The problem is that while I learned about cognitive dissonance and balance theory enough to remember them easily, I did not remember the limitations and problems with these theories.

One limitation, and it's a big one, is that when fear or hatred is involved (very strong negative attitudes), individual's cognitions may persist as imbalanced. I cannot count the number of times I have worked with individuals in BIP who hate their ex-partner with such passion that they are unable and unwilling to consider how the damage they cause in that relationships directly damages relationships with their own children with their ex-partner. That hatred is so strong there is no motivation to consider personal choices that are abusive or violent, but rather there is a highly targeted focus on that ex-partner's behavior and why it is wrong.

This means that within intervention work, we need to more strongly consider methods of confronting hatred. Trying to convince someone to have empathy toward a person they hate is most likely going to be unsuccessful because the imbalance in cognition is going to be accepted. No matter the potential harm to themselves and others, an individual entrenched in their hatred will most likely be unable to shift their behavior toward respect and health.

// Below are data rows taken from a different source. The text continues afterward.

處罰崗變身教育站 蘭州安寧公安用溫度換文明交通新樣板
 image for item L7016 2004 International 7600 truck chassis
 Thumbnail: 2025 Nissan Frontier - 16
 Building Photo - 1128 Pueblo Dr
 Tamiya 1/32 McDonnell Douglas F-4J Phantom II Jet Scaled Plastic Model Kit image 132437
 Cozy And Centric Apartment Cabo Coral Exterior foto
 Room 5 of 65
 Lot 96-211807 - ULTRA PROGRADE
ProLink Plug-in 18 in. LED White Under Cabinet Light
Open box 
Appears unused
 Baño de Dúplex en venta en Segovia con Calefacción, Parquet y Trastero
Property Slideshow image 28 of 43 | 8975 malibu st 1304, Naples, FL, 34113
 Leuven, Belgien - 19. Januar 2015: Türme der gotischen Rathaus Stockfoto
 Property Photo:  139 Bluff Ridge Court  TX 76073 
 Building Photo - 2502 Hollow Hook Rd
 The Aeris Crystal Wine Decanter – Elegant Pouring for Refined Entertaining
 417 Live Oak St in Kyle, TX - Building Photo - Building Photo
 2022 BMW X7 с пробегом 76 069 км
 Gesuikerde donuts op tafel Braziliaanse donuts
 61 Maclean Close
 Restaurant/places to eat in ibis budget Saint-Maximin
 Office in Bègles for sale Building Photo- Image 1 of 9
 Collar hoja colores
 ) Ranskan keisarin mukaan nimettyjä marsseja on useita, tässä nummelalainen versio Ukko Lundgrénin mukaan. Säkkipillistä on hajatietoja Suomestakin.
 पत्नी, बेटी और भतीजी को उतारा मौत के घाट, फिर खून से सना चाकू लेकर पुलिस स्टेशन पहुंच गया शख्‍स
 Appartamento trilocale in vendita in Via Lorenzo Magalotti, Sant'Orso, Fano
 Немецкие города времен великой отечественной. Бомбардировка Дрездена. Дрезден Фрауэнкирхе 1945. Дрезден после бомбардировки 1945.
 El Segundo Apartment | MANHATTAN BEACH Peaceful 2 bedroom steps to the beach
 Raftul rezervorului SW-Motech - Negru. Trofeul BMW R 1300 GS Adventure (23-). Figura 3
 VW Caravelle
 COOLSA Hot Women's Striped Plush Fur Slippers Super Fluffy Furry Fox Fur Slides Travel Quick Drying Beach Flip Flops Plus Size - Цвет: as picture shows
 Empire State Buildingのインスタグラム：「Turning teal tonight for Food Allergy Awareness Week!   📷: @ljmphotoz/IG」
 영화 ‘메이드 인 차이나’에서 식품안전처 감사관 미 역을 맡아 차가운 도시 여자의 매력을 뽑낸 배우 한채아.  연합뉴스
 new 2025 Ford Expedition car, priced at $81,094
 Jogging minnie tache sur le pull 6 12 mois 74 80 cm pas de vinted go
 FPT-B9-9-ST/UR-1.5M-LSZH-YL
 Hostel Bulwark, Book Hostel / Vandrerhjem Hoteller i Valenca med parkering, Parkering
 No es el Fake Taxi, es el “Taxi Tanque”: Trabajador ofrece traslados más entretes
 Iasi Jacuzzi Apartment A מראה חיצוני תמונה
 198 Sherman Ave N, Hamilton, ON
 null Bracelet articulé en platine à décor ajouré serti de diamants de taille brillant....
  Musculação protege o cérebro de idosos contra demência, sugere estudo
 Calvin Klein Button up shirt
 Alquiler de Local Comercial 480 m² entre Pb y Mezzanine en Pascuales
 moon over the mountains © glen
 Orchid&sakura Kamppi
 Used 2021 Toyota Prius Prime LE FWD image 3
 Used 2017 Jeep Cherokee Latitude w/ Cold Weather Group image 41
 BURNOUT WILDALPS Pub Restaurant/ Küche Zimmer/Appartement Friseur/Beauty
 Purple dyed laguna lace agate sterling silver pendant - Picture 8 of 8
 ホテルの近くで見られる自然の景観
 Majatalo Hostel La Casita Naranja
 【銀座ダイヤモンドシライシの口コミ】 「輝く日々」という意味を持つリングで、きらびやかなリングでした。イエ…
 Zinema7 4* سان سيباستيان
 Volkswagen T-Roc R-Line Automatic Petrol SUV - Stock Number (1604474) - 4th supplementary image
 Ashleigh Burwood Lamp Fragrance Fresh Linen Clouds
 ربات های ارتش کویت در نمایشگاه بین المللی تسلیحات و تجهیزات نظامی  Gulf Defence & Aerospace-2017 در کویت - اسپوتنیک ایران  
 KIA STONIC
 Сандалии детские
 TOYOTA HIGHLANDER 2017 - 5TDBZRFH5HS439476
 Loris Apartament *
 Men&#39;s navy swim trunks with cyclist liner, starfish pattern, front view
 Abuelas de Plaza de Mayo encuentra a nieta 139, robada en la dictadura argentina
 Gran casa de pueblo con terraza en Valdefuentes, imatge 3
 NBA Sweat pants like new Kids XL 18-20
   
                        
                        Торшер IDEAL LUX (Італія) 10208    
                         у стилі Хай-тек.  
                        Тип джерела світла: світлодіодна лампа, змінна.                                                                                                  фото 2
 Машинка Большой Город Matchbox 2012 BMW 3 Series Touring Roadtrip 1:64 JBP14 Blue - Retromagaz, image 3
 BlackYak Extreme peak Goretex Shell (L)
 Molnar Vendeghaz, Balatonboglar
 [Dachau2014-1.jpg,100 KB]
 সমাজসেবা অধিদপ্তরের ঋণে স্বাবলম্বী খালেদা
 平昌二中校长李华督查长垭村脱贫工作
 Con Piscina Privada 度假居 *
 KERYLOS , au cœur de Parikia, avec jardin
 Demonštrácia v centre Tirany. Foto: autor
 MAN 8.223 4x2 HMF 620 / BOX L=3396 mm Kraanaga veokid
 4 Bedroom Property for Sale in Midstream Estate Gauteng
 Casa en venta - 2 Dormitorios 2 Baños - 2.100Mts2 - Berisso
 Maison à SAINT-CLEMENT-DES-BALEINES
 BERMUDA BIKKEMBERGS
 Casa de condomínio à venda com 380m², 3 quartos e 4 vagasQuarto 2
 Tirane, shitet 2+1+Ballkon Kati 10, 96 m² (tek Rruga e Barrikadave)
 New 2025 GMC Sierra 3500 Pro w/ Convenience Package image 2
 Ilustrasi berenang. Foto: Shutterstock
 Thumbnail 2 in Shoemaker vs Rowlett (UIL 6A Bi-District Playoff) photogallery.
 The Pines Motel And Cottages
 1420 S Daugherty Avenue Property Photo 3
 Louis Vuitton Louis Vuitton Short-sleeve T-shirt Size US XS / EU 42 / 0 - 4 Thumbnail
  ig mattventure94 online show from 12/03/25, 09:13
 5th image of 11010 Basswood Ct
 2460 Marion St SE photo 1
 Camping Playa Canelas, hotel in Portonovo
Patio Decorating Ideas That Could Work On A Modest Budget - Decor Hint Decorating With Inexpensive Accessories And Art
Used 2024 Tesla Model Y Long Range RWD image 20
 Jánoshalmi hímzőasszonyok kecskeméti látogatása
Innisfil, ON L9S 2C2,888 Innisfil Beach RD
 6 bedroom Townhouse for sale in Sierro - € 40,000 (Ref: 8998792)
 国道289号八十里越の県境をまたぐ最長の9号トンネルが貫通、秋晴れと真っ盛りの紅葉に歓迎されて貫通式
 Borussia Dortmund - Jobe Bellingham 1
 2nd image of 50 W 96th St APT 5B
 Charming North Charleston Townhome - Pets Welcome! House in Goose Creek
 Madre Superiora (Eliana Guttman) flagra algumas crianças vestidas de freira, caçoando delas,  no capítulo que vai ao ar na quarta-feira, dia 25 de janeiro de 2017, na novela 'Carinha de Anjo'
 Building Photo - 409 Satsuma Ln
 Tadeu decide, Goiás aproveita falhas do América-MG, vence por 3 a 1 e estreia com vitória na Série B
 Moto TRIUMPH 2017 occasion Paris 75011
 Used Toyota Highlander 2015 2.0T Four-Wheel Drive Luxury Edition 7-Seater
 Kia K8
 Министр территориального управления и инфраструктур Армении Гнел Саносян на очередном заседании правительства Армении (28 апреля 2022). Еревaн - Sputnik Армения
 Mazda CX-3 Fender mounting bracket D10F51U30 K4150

A second limitation has to do with situations wherein an individual holds two strongly held beliefs that contradict each other. The text suggests that researchers were at a loss to account for this inconsistency in beliefs, but offers some suggestions on how people resolve belief dilemmas that may offer insight into how someone can maintain two strongly held beliefs that contradict.

Resolution of Belief Dilemmas:
  1. DENIAL: This is the simplest way to eliminate inconsistencies in belief systems, and anyone who works within intervention understands this. You can enter into denial by changing the way one of the objects is valued, or by denying the relationship between the two objects of denial. Fortunately, this is also the weakest method of resolving belief dilemmas, and denial will break down if there are too many inconsistencies, or if there is too much conflicting evidence of other possible beliefs. In general, BIP does a decent job of confronting denial through both methods - introducing and reflecting on inconsistent beliefs, and by offering evidence of the impacts of abusive and violent behavior. 
  2. BOLSTERING: When someone adds additional elements to an inconsistent pair of beliefs that serve to overpower another belief system, they bolster one side of the belief dilemma in such a way that the dilemma ends. This is a common challenge in BIP classes, and it is mostly framed as "collusion." When group participants support entitled belief systems, they often do so to bolster their individual sense of being right, and diminish the sense that their partner's perspective matters. Again, in general, BIP is decent at addressing bolstering behavior, and working to get class participants to hold each other to a higher standard - to discuss respectful and healthy beliefs, and bolster the side of the belief dilemma that supports changing behavior. It can be useful to be more cognizant of this process, and why individuals use it to continue hurtful behavior, and also to understand how a focus on discussing respectful and healthy alternatives serves to bolster in a positive way.
  3. DIFFERENTIATION: A divide and conquer technique, this resolution involves separating two belief systems into a pair that is consistent, and a pair that is inconsistent - therefore creating an  illusion of balance. There are methods used in BIP to exploit differentiation, and I am not sure I fully agree with the technique, but the ManAlive approach is probably the easiest to describe. As a part of their curriculum, they have individuals in classes identify their "Hit Man" which consists of all the abusive, violent, entitled, and hurtful belief systems. Individuals in the class then compare that to healthy, respectful, and supportive belief systems in an attempt to diminish harm. I am concerned that this can potentially create that illusion of balance rather than actually creating balance by changing beliefs - but I am also willing to recognize that if someone is able to diminish hurtful belief systems through this analysis then that's important work.
  4. TRANSCENDENCE: Methods of analyzing belief systems sometimes involve creating reasoning for the beliefs themselves. This in essence is transcendence of the inconsistencies themselves. The example Milburn uses invokes religious perspectives of God, and a dilemma that if God is perceived as pure good, how can God allow evil to exist? To transcend this dilemma, individuals explain this by considering the concept of "free will" and how it's not God allowing evil, but rather individual people choosing the path of evil. By coming up with this reason, it dissolves the dilemma. Consider how frequently individual participants in BIP want to come up with reasons for their behavior, and how often it focuses on a reason that blames others. In BIP, the methods of using transcendence could involve discussing entitlement and how believing you are better than others, believing others are less than you, and believing you deserve something from others allows individuals to be abusive and violent. If that is the reason for hurting others, then it is reasonable to address entitlement and begin to dismantle it to instead create support and care for a partner and for children. 
A caveat to these resolutions is that the researcher who founded the "Modes of Resolutions of Belief Dilemmas," R.P. Abelson, stated that for people whom believe politics are important will likely be more motivated to resolve belief dilemmas than those who do not. This is very true for BIP work, as facilitators will often be focused on change, responsibility, and accountability while participants may not be interested in any of those things. This is why taking a motivational interviewing approach can be so beneficial. 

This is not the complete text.